Problem description: Return the full listing character for character, without its pictures.

Given information:
..........

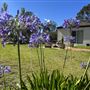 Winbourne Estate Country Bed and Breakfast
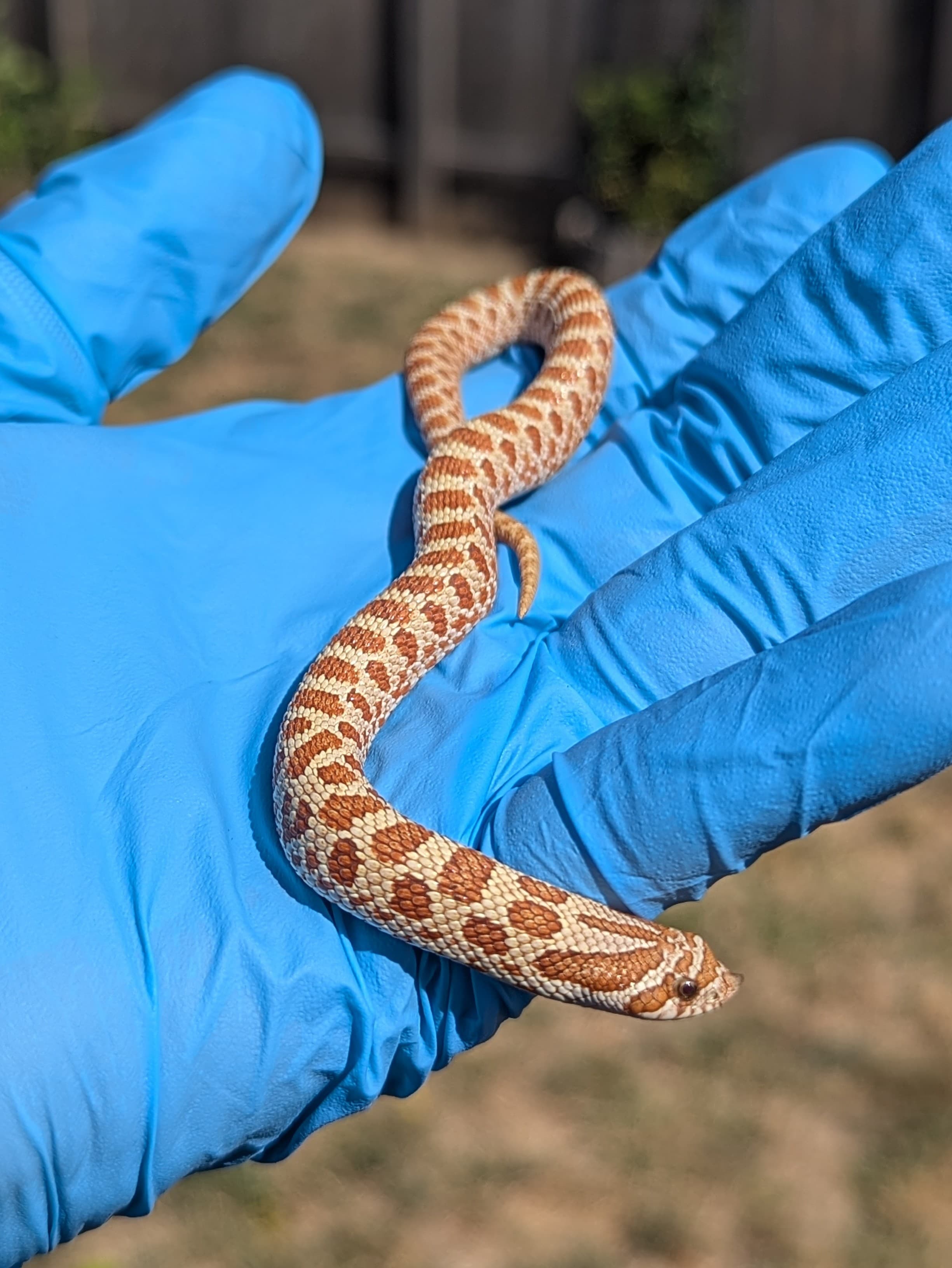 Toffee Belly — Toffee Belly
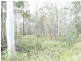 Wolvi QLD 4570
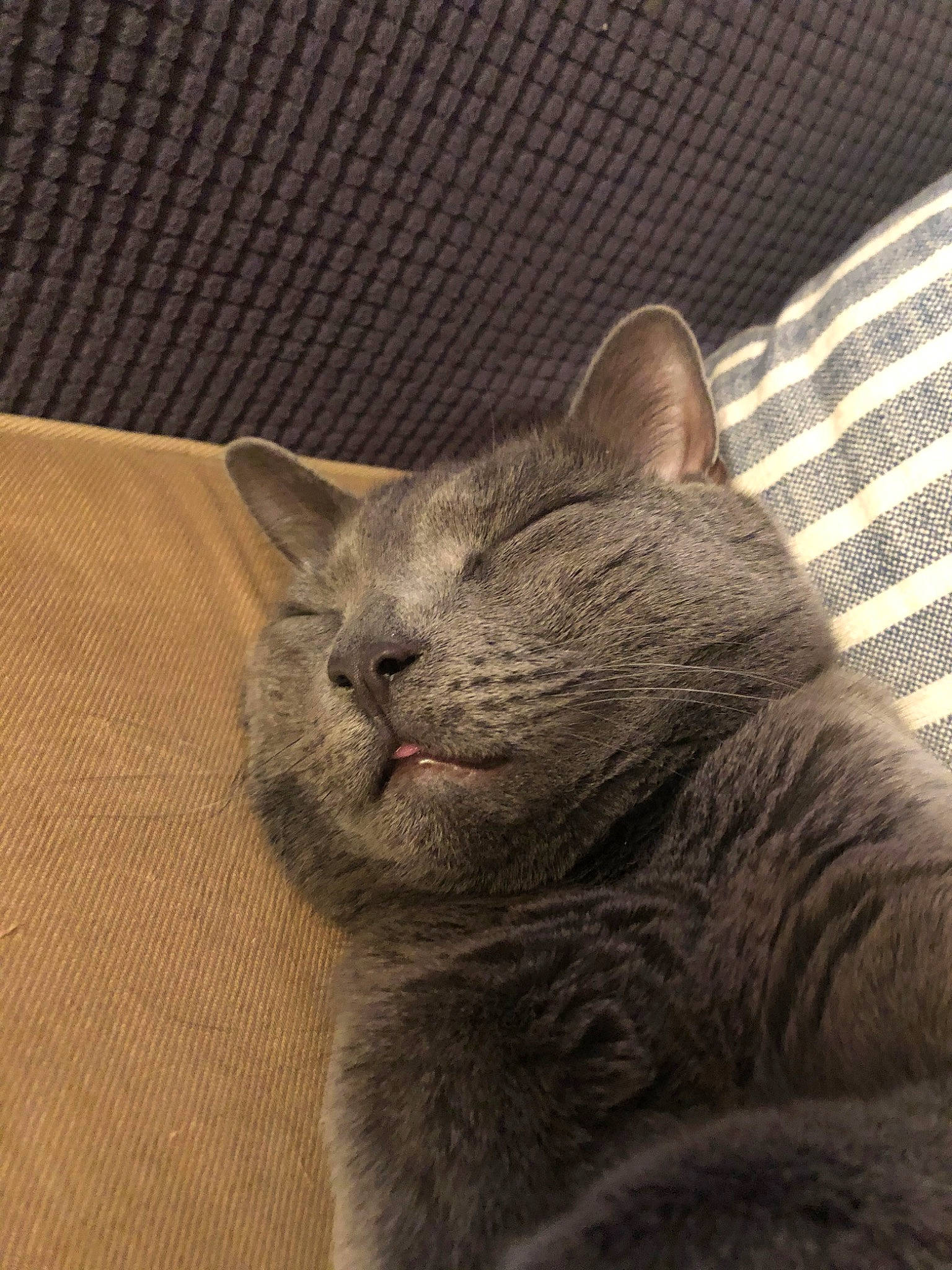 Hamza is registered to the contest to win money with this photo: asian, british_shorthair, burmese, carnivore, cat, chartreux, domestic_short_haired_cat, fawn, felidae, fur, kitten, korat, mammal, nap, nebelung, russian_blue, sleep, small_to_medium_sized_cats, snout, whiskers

..........

Expected answer:
 Winbourne Estate Country Bed and Breakfast
 Toffee Belly — Toffee Belly
 Wolvi QLD 4570
 Hamza is registered to the contest to win money with this photo: asian, british_shorthair, burmese, carnivore, cat, chartreux, domestic_short_haired_cat, fawn, felidae, fur, kitten, korat, mammal, nap, nebelung, russian_blue, sleep, small_to_medium_sized_cats, snout, whiskers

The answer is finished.